İlk olarak Temmuz 2021'de açıklanan ve yeni CBAM ile ETS reformunu içeren AB'nin "Fit for 55" yasa paketi, Avrupa'nın emisyonları 2030 yılına kadar (1990 seviyelerinden) en az %55 oranında azaltmasına yardımcı olacak kilit bir unsur olarak görülüyor.

Avrupa İklim Yasasında belirlenen bu hedefler ise, 2050 yılına kadar karbon nötrlüğüne ulaşmaya yönelik daha geniş kapsamı olan Avrupa Yeşil Anlaşma stratejisinin bir parçası.

Avrupa Yeşil Mutabakatı çerçevesinde 2053 net sıfır emisyon taahhüdünde bulunan Türkiye; hızla yeşil ve dijital dönüşmek istiyor.

Uzmanlara göre; Türkiye, yeşil ve dijital dönüşümünü hızla başarabilirse riskleri fırsata çevirebilecek ve ‘Yeşil Üretim Üssü’ olabilecek.
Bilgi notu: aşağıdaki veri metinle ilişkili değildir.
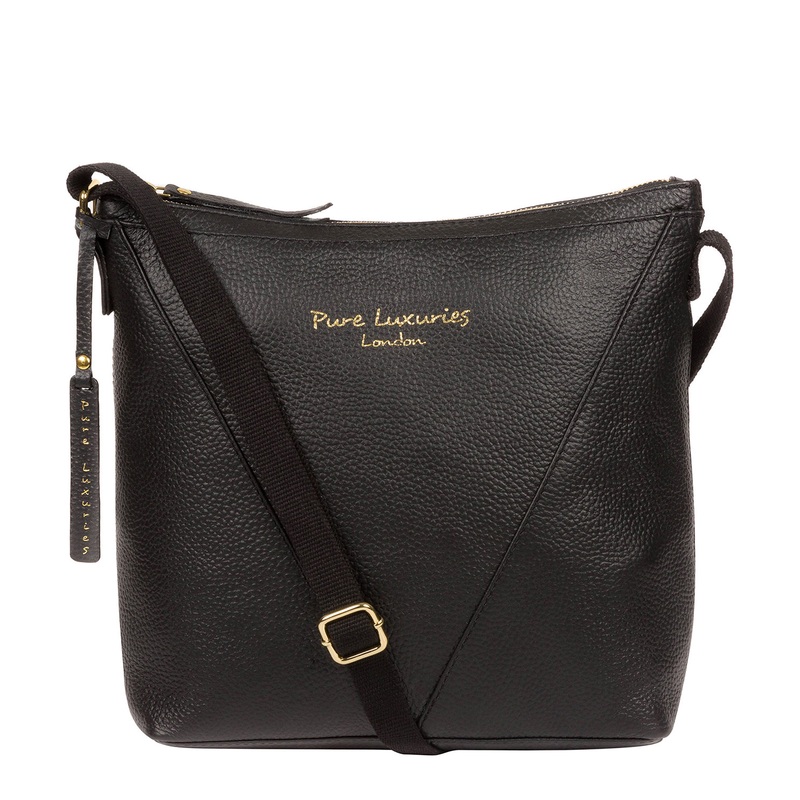 'Rena' Black Leather Cross Body Bag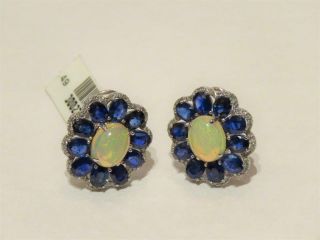 Last Days $8500 Rare 18kt Gold Large Fancy Opal Blue Sapphire Diamond Earrings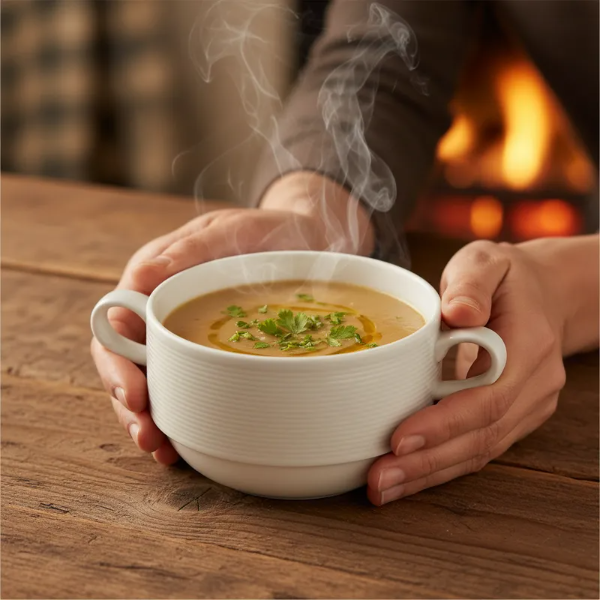 Producto - Taza De Sopa Con Asas Apilable Porcelana Baralee Wish 280 Cc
Türkiye çalışmaları hızlandırıyor…

Bu konularda KobiEfor Dergisi’ne özel demeç veren Ticaret Bakanı Prof. Dr. Ömer Bolat

“Yeşil Mutabakat Eylem Planı (YMEP), AB’nin politika öncelikleri doğrultusunda, sınırda karbon düzenlemeleri, yeşil ve döngüsel bir ekonomi, yeşil finansman, temiz, ekonomik ve güvenli enerji arzı, sürdürülebilir tarım, sürdürülebilir akıllı ulaşım, iklim değişikliği ile mücadele, diplomasi, bilgilendirme ve bilinçlendirme faaliyetleri başlıkları altında belirlenen hedeflere ulaşılması amacıyla hayata geçirilecek 81 eyleme yer vermektedir.
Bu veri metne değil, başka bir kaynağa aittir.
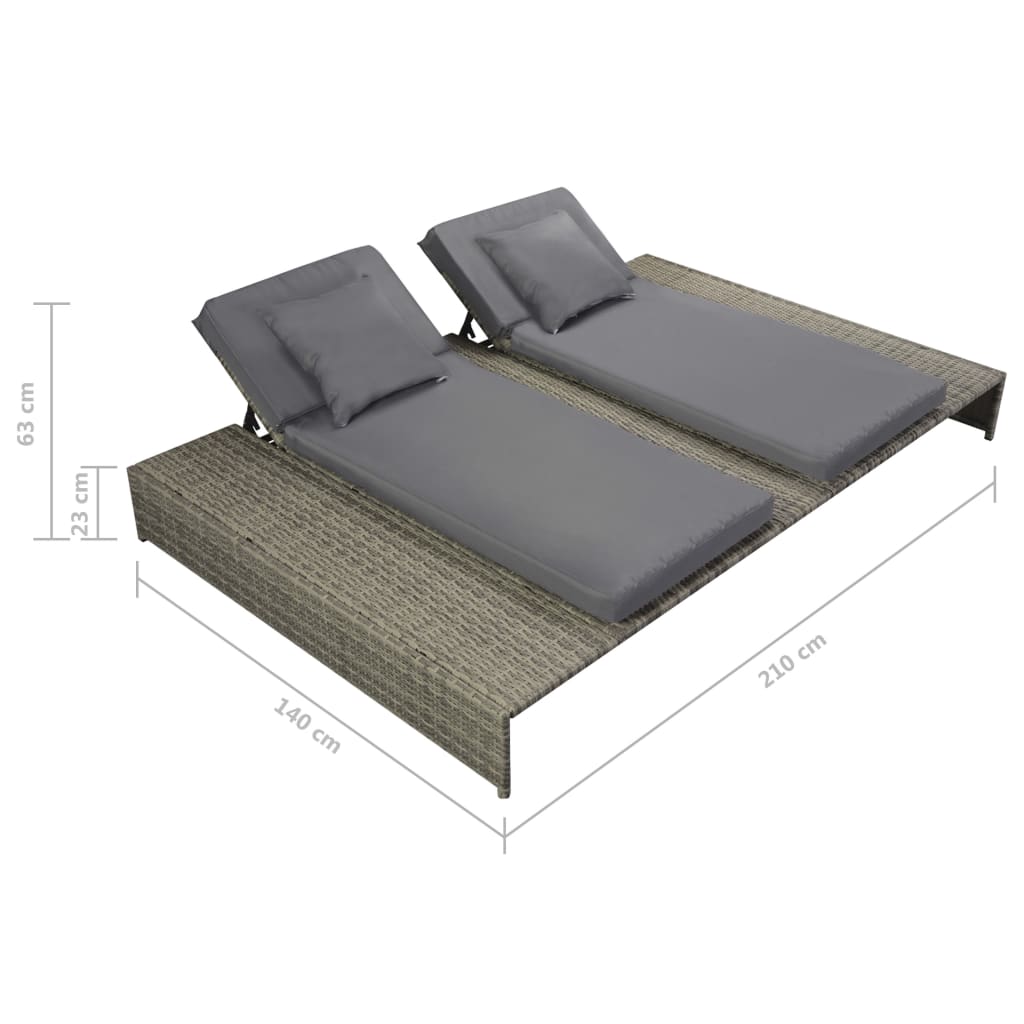 5-delige Loungeset met kussens poly rattan grijs is nu te koop bij PeponiXL, paradijselijk wonen!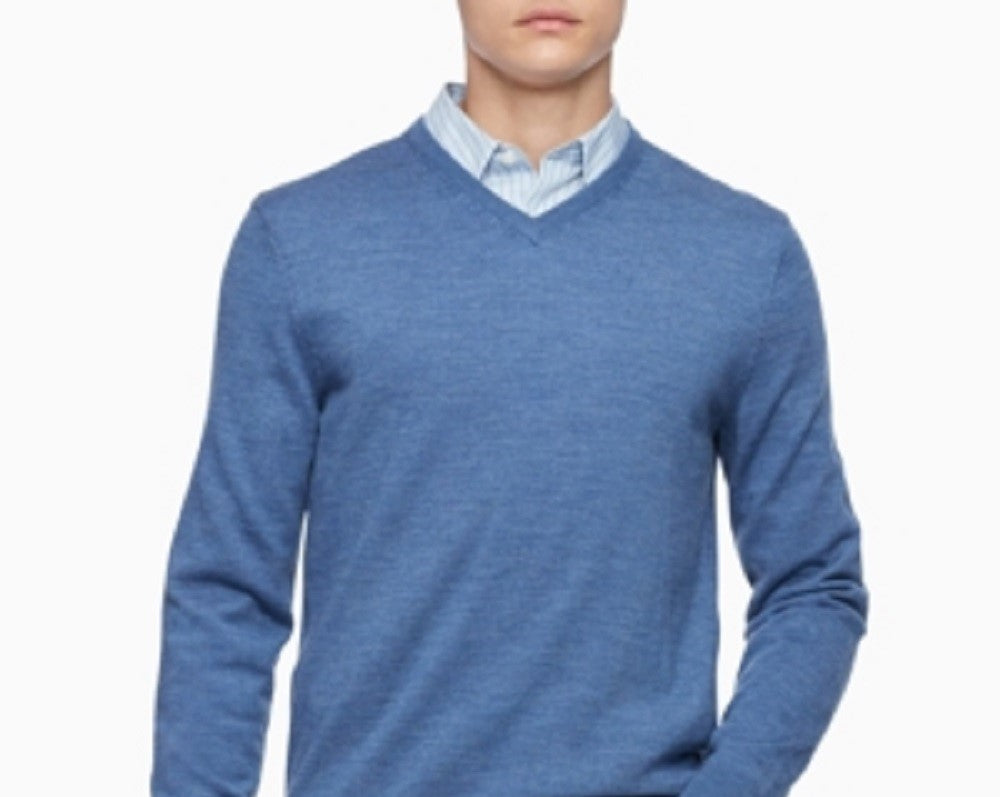 Calvin Klein Men's Merino Wool Pullover V Neck Sweater Blue Size X-Small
Sınırda Karbon Düzenleme Mekanizması Uygulama geçiş döneminde emisyon raporlama yükümlülüğü ile başlayacak, karbon vergisi niteliği taşıyacak olan mali yükümlülükler ve verilerin doğrulanması uygulaması ise 2026 yılında devreye alınacaktır.

Bu itibarla, kısa vadedeki önceliklerimizden biri kapsamdaki sektörlerimizin uygulamaya hızlı adaptasyonunu sağlayacak faaliyetler yürütmektir.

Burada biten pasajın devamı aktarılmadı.